-- Task brief --
Report how many lines below contain the word "Sleeve", giving the number and no other words.

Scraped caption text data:
******
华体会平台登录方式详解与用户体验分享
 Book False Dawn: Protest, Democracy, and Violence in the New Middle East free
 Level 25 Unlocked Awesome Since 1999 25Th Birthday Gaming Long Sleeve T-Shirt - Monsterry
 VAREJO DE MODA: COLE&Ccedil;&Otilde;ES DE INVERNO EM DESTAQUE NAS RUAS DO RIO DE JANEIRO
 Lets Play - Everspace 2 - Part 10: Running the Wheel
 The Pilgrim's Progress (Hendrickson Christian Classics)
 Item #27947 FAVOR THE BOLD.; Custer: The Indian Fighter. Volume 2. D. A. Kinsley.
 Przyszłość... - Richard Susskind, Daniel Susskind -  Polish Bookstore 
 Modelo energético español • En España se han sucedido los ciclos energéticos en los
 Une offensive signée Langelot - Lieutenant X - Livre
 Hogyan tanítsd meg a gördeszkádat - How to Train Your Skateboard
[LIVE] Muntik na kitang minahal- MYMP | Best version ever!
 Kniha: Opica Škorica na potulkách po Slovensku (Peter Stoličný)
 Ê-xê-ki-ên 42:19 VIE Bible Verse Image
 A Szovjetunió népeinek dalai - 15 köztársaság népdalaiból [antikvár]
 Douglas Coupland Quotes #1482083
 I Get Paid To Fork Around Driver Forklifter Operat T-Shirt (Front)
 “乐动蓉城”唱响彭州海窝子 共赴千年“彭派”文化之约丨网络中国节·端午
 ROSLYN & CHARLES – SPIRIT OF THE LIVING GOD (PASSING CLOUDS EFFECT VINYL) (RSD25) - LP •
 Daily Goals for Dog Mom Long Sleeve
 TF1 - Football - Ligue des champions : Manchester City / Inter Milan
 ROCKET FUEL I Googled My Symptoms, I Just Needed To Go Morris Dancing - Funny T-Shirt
******
-- Answer area --
2